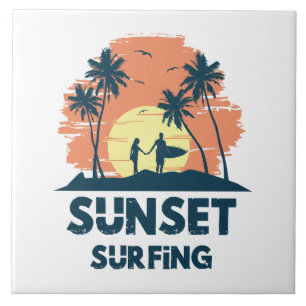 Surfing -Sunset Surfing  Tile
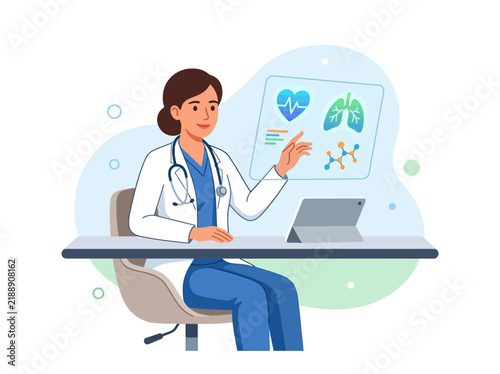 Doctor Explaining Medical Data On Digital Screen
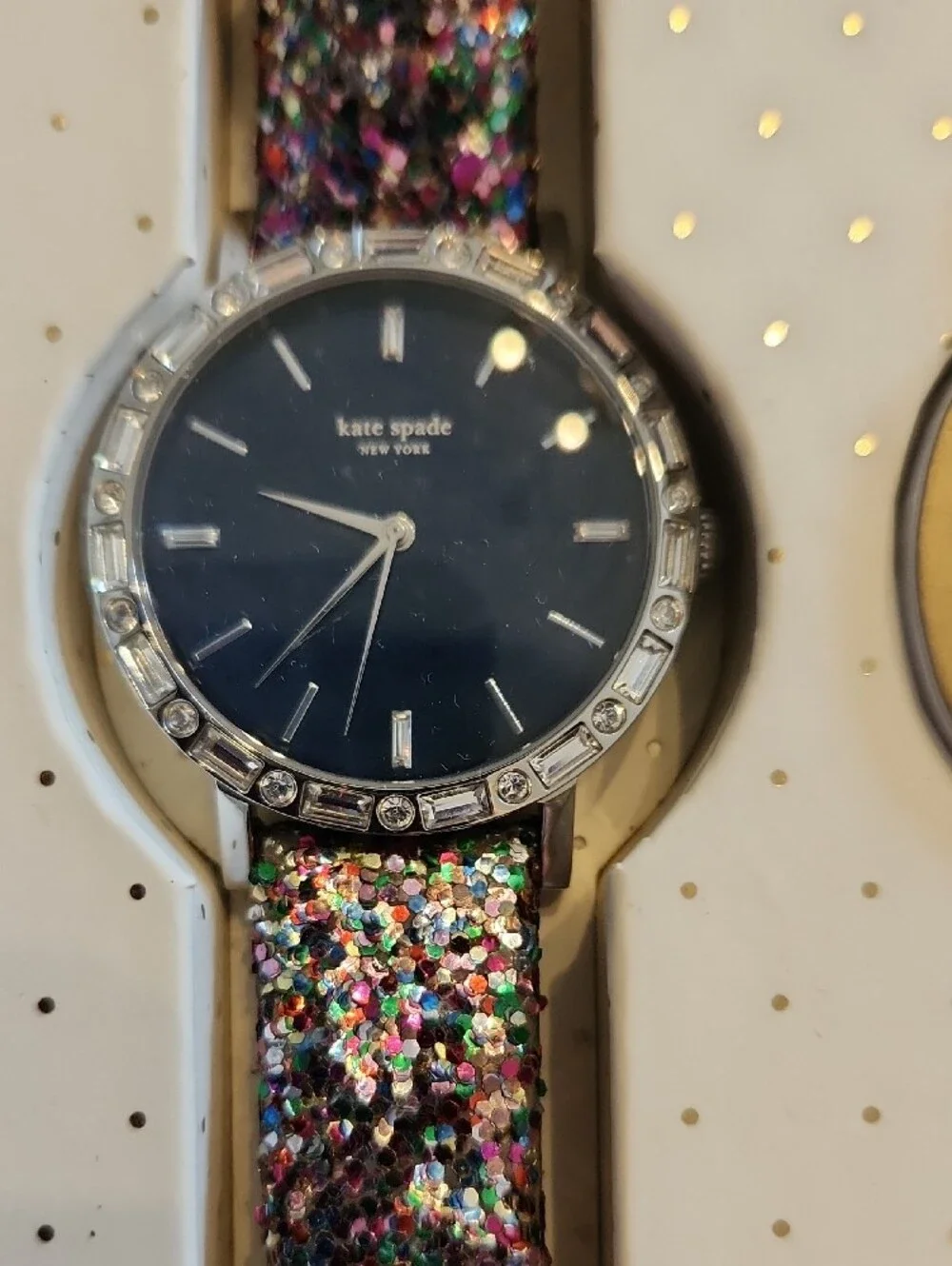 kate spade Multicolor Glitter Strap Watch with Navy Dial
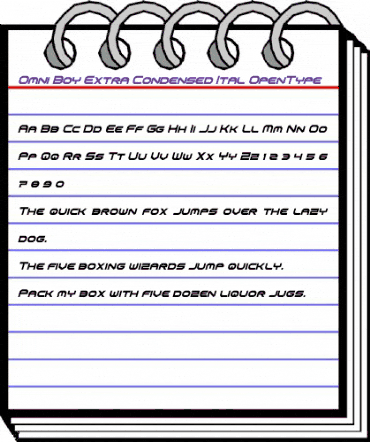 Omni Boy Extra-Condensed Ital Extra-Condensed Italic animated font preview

_ _ _ _ _ _ _

Give the data above again, exactly, with every picture removed.

 Surfing -Sunset Surfing  Tile
 Doctor Explaining Medical Data On Digital Screen
 kate spade Multicolor Glitter Strap Watch with Navy Dial
 Omni Boy Extra-Condensed Ital Extra-Condensed Italic animated font preview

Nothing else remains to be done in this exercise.